NTTPC コミュニケーションズ ネットワーク事業部 バリューサービス部執行役員の小山覚氏は「情報漏えいというインシデントを防止するのは、自社を守るためなのだ」と述べる。この点を最も理解しているのは経営者だ。事故が起きれば対策に追われ、経営責任を問われる立場となる。しかし情報システム担当者にとっては「どこまでの対策を行えばいいのか分からない」というのが現状だ。ガチガチに固めた自由度のないシステムを組むことも当然可能な立場にあるが、利便性を犠牲にしセキュリティレベルだけを上げたシステムを構築した場合、ユーザーは抜け道を見つけ、こっそりと利用するだろう。この状況では管理者もモニタリングできない。

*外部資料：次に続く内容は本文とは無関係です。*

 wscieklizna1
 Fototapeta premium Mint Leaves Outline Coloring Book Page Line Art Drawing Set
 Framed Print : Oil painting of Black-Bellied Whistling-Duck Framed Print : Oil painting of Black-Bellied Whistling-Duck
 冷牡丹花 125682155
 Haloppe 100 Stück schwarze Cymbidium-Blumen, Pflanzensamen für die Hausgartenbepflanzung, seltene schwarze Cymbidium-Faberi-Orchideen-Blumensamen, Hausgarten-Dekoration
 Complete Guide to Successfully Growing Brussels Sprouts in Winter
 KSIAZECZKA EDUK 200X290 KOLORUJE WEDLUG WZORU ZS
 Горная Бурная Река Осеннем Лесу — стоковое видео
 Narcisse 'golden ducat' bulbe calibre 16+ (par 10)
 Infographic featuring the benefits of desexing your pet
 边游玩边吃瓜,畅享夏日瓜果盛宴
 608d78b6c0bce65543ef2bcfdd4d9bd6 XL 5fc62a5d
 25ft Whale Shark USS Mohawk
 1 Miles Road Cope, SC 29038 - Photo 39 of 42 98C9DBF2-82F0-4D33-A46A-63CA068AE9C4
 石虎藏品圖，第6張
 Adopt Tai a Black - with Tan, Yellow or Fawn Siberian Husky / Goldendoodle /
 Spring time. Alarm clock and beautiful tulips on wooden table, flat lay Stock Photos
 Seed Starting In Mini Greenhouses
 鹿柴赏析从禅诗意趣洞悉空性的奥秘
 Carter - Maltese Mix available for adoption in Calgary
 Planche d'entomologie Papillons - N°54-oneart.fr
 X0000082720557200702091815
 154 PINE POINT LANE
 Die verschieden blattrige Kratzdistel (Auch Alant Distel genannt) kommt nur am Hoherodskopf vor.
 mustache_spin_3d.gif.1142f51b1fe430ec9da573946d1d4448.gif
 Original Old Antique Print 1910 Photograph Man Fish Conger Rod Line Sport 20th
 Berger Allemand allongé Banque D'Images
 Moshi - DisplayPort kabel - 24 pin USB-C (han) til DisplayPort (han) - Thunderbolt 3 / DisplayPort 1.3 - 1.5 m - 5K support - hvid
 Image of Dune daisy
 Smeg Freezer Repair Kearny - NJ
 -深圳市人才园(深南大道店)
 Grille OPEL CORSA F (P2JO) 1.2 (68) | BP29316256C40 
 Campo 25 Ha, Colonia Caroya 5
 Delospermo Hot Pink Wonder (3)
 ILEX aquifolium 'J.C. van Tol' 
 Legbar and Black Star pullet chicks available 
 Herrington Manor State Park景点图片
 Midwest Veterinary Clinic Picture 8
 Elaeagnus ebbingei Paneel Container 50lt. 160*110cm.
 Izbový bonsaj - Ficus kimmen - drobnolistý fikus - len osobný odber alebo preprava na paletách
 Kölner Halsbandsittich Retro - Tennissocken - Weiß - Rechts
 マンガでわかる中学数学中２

小山氏は「セキュリティ対策のバランスが重要だ」と述べる。セキュリティと利便性のバランスをすべての人にとってのスイートスポットに収めるため、以下の3つのポイントが重要だとした。
- メールセキュリティの課題洗い出し
- 会社としての禁則項目の決定
- 「原則」と利便性に配慮した「例外」の策定
注目すべきは3.の例外策定だろう。単に「規則から外れることはすべて禁止」とするのではなく、正当な理由がある場合には制限を解除できるような例外、つまり“公式な逃げ道”を作ることにより、従業員の不満を軽減しつつ、かつシステム管理者のコントロール下に置くことができる仕組みが重要である。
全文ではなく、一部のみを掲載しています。